Re: Character equivalence mapping (was: Re: [idn] SLCminutes)



--On Thursday, 03 January, 2002 11:31 -0500 Edmon
<edmon@neteka.com> wrote:

>...
> The domain names as they
> conceptually exist however should remain user friendly.  In
> other words, domain names for humans will contain context and
> meaning (an "ALPHA" will be an "ALPHA" not "A"), but domain
> names as viewed in the DNS (machine) should be devoid of
> context.  To bridge these two, a set of equivalent characters
> are prepared as a table for the machine so that it can blindly
> treat them as identical without contemplating its context.

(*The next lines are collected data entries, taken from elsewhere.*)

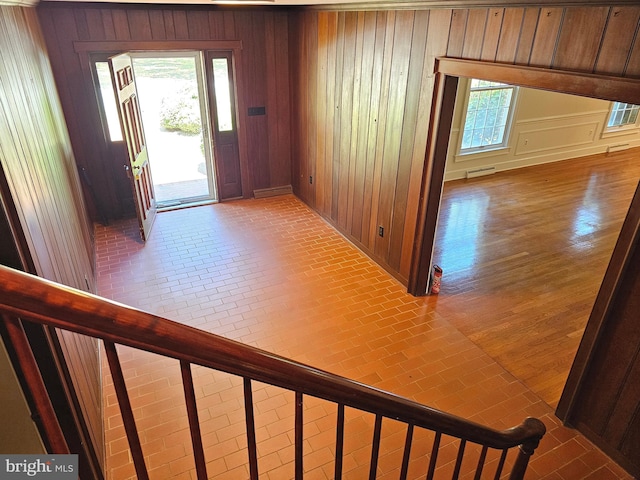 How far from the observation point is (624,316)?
2.39 m

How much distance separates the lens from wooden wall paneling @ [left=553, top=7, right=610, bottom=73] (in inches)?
87.7

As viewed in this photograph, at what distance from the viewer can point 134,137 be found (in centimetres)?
491

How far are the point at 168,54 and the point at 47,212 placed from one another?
11.8 ft

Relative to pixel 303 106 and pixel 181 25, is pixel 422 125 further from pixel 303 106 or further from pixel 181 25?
pixel 181 25

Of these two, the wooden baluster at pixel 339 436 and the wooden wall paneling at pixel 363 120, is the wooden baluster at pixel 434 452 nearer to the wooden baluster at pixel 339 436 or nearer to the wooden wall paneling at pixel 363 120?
the wooden baluster at pixel 339 436

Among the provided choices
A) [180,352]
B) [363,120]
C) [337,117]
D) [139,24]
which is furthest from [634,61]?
[139,24]

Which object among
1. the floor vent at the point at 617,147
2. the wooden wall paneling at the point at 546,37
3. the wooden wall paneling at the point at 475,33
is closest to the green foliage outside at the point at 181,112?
the wooden wall paneling at the point at 475,33

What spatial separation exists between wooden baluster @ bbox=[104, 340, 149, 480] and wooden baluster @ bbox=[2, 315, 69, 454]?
111 mm

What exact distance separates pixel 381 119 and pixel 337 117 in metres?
0.89

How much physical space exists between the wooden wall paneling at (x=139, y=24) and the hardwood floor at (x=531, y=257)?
4.25m

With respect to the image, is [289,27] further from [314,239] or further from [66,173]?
[66,173]

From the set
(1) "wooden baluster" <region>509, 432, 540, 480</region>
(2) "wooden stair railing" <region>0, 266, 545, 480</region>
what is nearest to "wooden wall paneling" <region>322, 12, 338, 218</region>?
(1) "wooden baluster" <region>509, 432, 540, 480</region>

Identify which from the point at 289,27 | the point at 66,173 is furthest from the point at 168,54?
the point at 66,173

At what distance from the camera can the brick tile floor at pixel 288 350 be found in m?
2.59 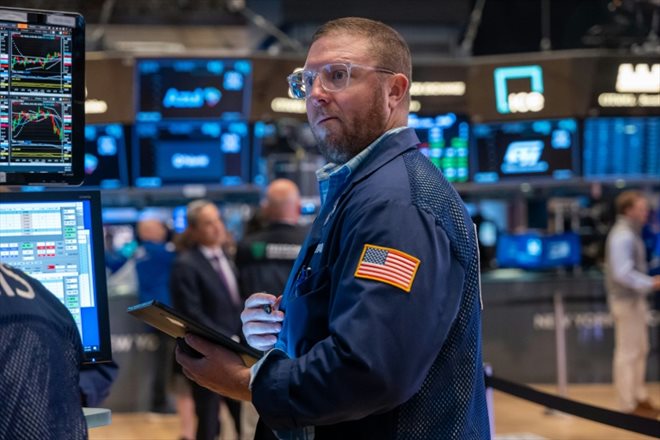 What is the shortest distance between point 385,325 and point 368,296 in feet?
0.21

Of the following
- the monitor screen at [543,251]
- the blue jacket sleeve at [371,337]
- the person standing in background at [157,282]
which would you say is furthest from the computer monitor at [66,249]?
the monitor screen at [543,251]

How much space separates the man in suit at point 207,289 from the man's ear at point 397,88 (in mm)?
4175

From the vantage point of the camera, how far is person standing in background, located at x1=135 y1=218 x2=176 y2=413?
823 centimetres

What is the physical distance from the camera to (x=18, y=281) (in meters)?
1.94

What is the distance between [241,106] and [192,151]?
554 mm

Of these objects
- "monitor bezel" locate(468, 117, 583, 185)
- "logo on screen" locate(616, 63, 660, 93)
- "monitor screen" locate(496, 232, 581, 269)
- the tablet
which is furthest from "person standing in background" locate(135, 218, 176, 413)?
the tablet

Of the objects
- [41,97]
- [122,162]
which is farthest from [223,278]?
[41,97]

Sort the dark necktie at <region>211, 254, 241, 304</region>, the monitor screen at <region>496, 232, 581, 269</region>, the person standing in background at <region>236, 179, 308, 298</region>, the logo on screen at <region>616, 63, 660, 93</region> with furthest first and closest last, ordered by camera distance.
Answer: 1. the monitor screen at <region>496, 232, 581, 269</region>
2. the logo on screen at <region>616, 63, 660, 93</region>
3. the dark necktie at <region>211, 254, 241, 304</region>
4. the person standing in background at <region>236, 179, 308, 298</region>

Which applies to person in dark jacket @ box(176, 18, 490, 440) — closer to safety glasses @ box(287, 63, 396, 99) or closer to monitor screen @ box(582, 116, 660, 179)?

But, Edmon, we already have disproofs of this in trademark
registrations and the registrars claim (and I believe them) that
the companies involved are anxious to take advantage of
internationalization to register their trademarks more directly
in the DNS.  We have organizations who want to be 
  <alpha><roman-i><digits123>
  toys-<cyrillic-ya>-us
and so on, a list that will certainly get longer as more
characters are perceived as available.  

What you are trying to do also involves some rather complex
judgement calls which I don't know how to make.  As someone who
is not very familiar with either, I've seen a number of font
forms of Arabic and Thai that I'm not sure I could tell apart,
at least without considerable context.  I would assume that
daily users of the two scripts wouldn't have that problem, but
who is to make the decision about equivalence?

It seems to me that there, in practice, are only two ways to get
what you want without ambiguity or confusion.  One goes down the
path that Ken points out, which results, ultimately, in
"equivalencing" some very different things.  And the other is to
say "ok, we will add characters to the LDH list, but only those
characters that cannot be confused with anything else,
regardless of the case or font used".  Maybe, in the long term,
they turn out to be the same option.

It would have the advantage of adding many useful characters to
the DNS-application-permitted set (and Harald and Patrik could
stop worrying about the names of their respective sons :-)), but
it would do almost nothing for internationalization other than
throwing us back into strange transliterations or transpositions
for many scripts.   Put differently, we would end up with a DNS
character set that would probably support Latin-1 and Han
characters properly, but maybe nothing else.  I don't find that
very satisfying, much as I am concerned about accurate
transcription of labels from printed form into the DNS.

     john